In der SZ hält Sonja Zekri die Kriminalisierung der Letzten Generation nicht nur für politisch falsch, sondern auch für unsinnig: "Eine Massenbewegung, die nicht wächst, wird uninteressant, davon kann Fridays for Future ein Lied singen. Und ziviler Widerstand, an den sich eine Gesellschaft gewöhnt, ist keiner. Wie also wird sich die 'Letzte Generation' verändern? Zunächst einmal scheint der Schock über das Nichtgeliebtwerden der Erkenntnis gewichen zu sein, dass auch Ablehnung und Unterdrückung ihre Vorteile haben - für die Mobilisierung, für die Legitimierung, fürs Bonding. Ungezählte politische oder soziale Bewegungen verdanken der Repression ihre besten Zeiten."

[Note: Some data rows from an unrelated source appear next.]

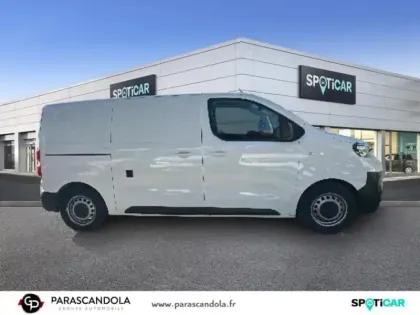 Photo 3 Peugeot Expert  Fg Standard 2.0 BlueHDi 120ch S&S Asphalt EAT8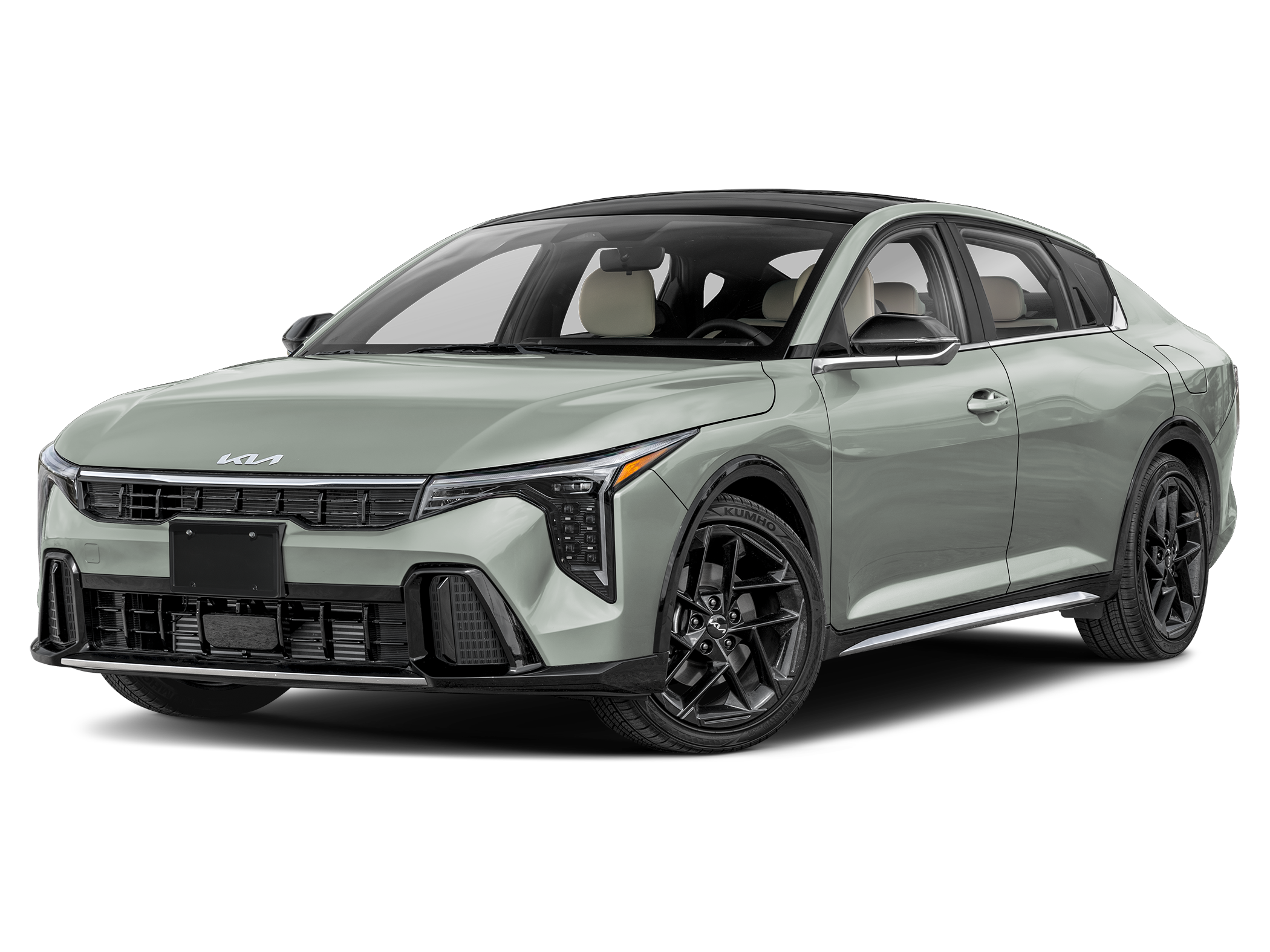 Kia K4 GT-Line Turbo FWD Kia K4 GT-Line Turbo FWD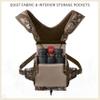 Badlands Bino AXS - Modular Binocular Harness System for Optimal Performance and Durability, Approach FX, Small view 3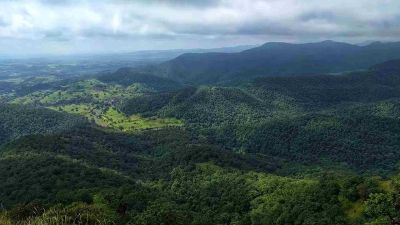 places to visit in pachmarhi in two days
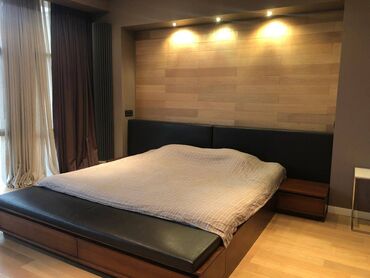 Yeni tikili: 5 otaqlı, Yeni tikili, m. 28 may, 238 kv. m — 20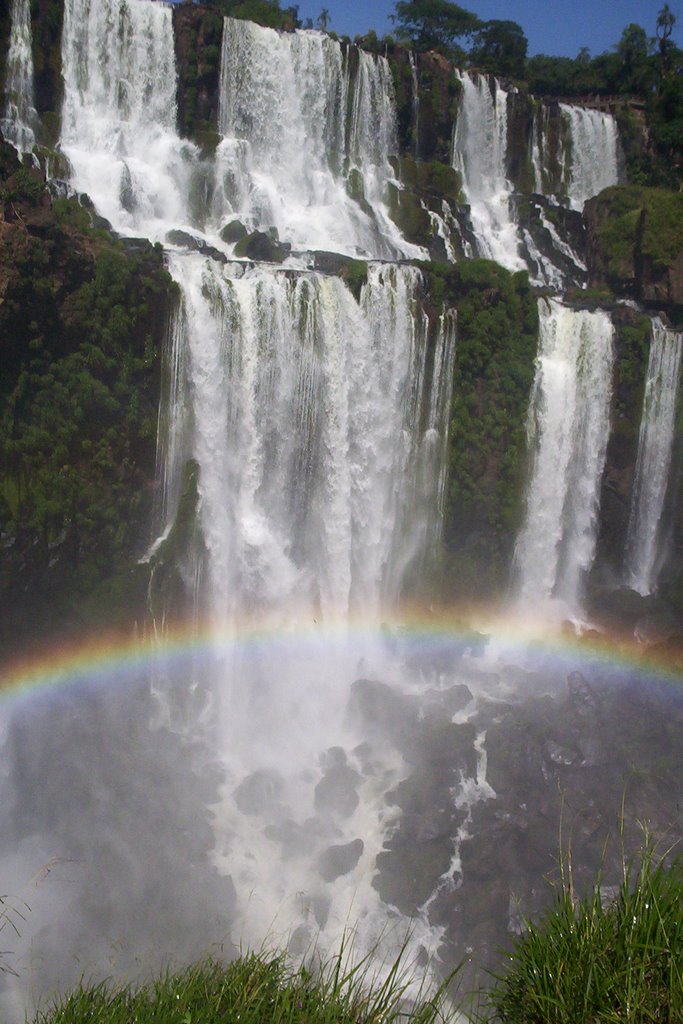 Arco iris by fantomas55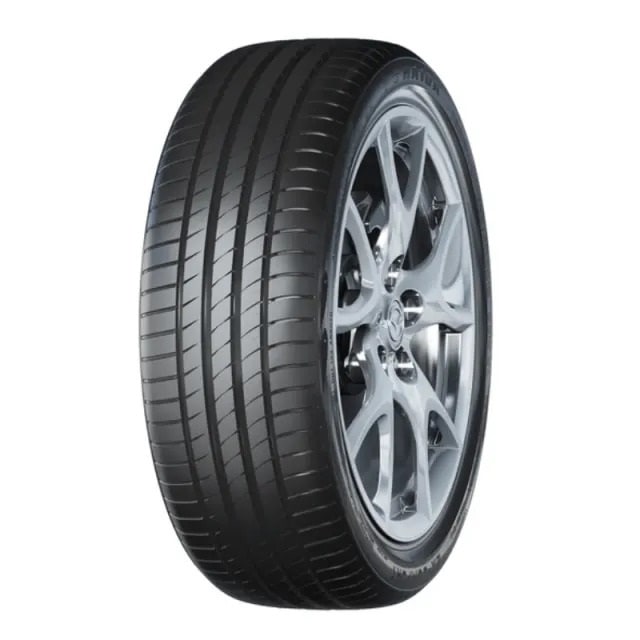 215/55ZR16 Haida EX-COMFORT 97W XL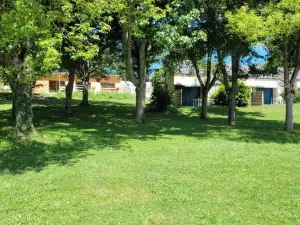 Les Gîtes l'Etang des Portes en Creuse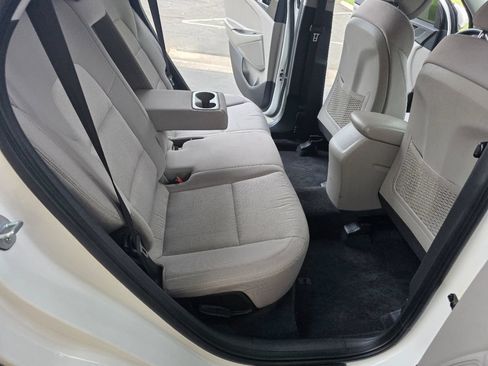 Used 2016 Hyundai Tucson Eco FWD image 39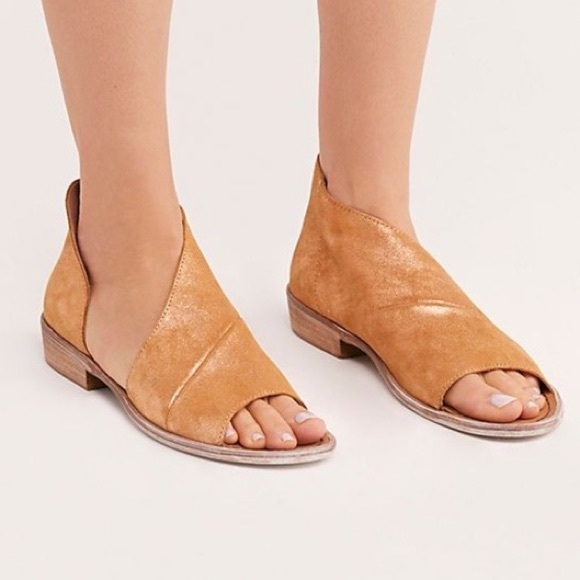 Free People | Mont Blanc Sandals - Picture 3 of 8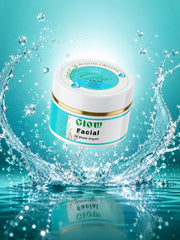 Hydrating Glow Facial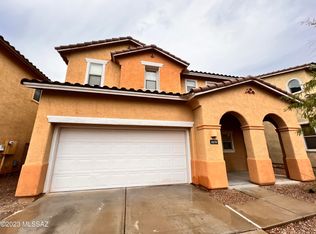 5079 N Cliffed River Dr, Tucson, AZ 85704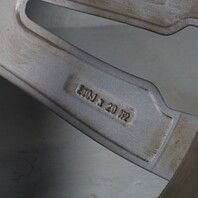 2014 BMW X5 F15 Parts BENT SOLD AS IS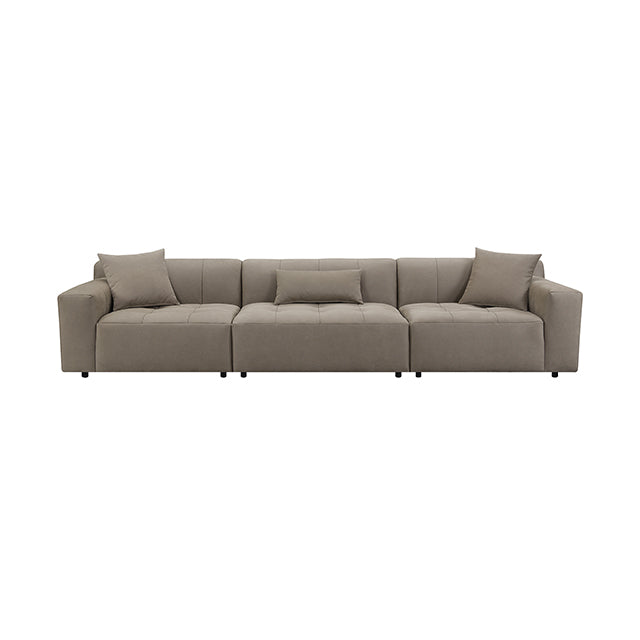 Wigston Sectional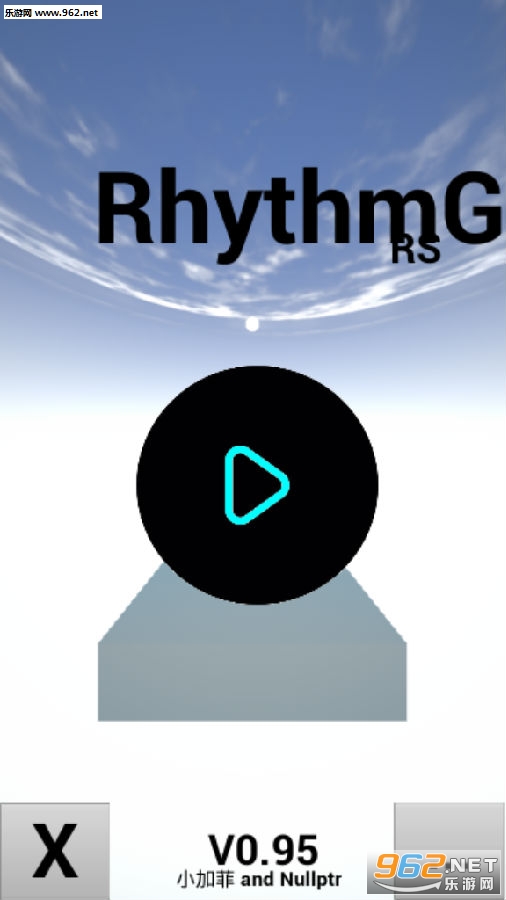 RhythmGORS安卓版 RhythmGORS安卓版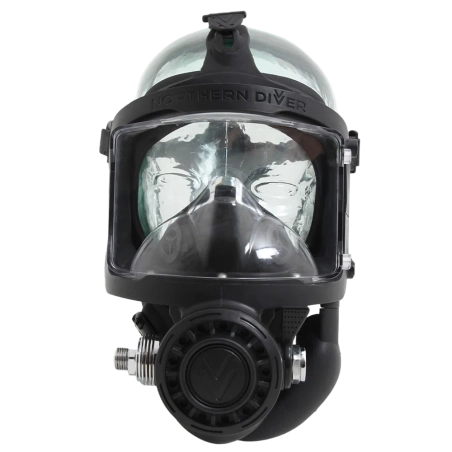 Μάσκα Κατάδυσης Northern Diver Odyssey Full Face Mask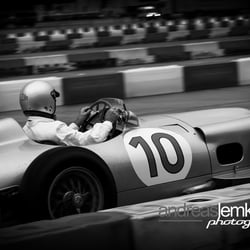 Mercedes Benz Silberpfeil – Eventfotograf Berlin Andreas Lemke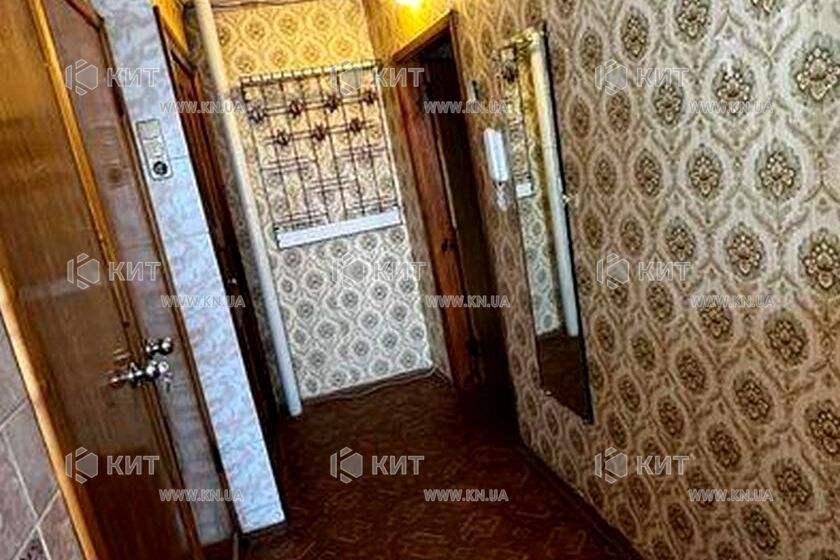 Продажа квартиры Харьков, Салтовка(Бараб.,Украина), 64м²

Dreißig Jahre nach dem erschütternden Brandanschlag von Solingen erinnert der Kölner Sozialpsychologe Musa Deli daran, dass sich viele Migranten noch immer unwohl und nicht willkommen in Deutschland fühlen: "Neben den Anschlägen, die uns ebenso lange beschäftigen, sind es die Lebensbedingungen vieler Menschen mit Migrationsgeschichte, die Zweifel daran aufkommen lassen, ob sie hier wirklich anerkannt werden. Immer wieder erleben sie Benachteiligung aufgrund ihrer Herkunft. Die Wohnungssuche gestaltet sich oft schwierig, Bildungsabschlüsse liegen weiterhin unter dem Niveau von Gleichaltrigen ohne Migrationshintergrund, der sozioökonomische Status von Familien ist immer noch deutlich geringer. Die Einschätzung, nicht ganz akzeptiert zu sein und nicht die gleichen Chancen zu haben, führt dazu, dass am türkischen Pass wie an einer Notlösung festgehalten wird. Zur Not könnte man immer noch gehen."
Archiv: Gesellschaft

Politik

In der taz weist die Sinologin Susanne Weigelin-Schwiedrzik darauf hin, dass China zwar eigene Interessen in Russland verfolgt, aber strategisch seien die beiden Länder nicht auf einer Linie: "Sie sind sich einig in ihrer Gegnerschaft zu den USA und ihrer Forderung nach einer sogenannten Demokratisierung des Systems der internationalen Beziehungen. In der Frage der zukünftigen Weltordnung sprechen beide von 'Multipolarität'. Doch zeigt sich, dass ihre Vorgangsweise nicht wirklich abgestimmt ist. Während sich Chinas KP die Führung in der Welt am liebsten mit den USA teilen würde - und die wirtschaftlichen Beziehungen zum Westen so weit wie möglich aufrechterhalten möchte -, meldet Wladimir Putin mit dem Angriff auf die Ukraine den Anspruch Russlands an, als Dritter im Bunde Weltmacht zu sein. Putin macht immer wieder deutlich, dass man die Weltordnung grundsätzlich infrage stellen muss. Er agiert als klassischer Revisionist und betont stärker als Xi Jinping die Notwendigkeit der Neuordnung der Welt im Sinne der Multipolarität.
Archiv: Politik

Geschichte

In der taz unterhält sich Sophia Zessnik mit dem Historiker Peter Frankopan über die Bedeutung des Klimas für die Weltgeschichte. So bringt Frankopan etwa den Untergang des Römischen Reichs mit einer gravierenden Abkühlung in Zusammenhang, oder ökologische Probleme mit Pogromen gegen Minderheiten: "In Zeiten von Nahrungsmittelknappheit und hohen Preisen werden leider immer wieder Sündenböcke gesucht. Das können wir aktuell auch wieder beobachten. Historisch lässt sich da ein Muster erkennen. Es zeigt etwa, dass, wenn die Vegetationsperiode im vorangegangenen Fünfjahreszeitraum ungewöhnlich kühl ausfiel, die Wahrscheinlichkeit gewalttätiger antisemitischer Übergriffe deutlich anstieg. Es gibt inzwischen zahlreiche Daten aus europäischen Ländern und Städten, die diesen Zusammenhang ab den 1090er Jahre dokumentieren. In anderen Teilen der Welt war das nicht anders. Dort traf es dann jeweils andere Minderheiten. 1321 in Ägypten waren es Christen, die man zu Sündenböcken machte. Zusammenfassen könnte man es so: Je schlechter die Witterung, umso mehr wurden Minderheiten Ziel von Angriffen."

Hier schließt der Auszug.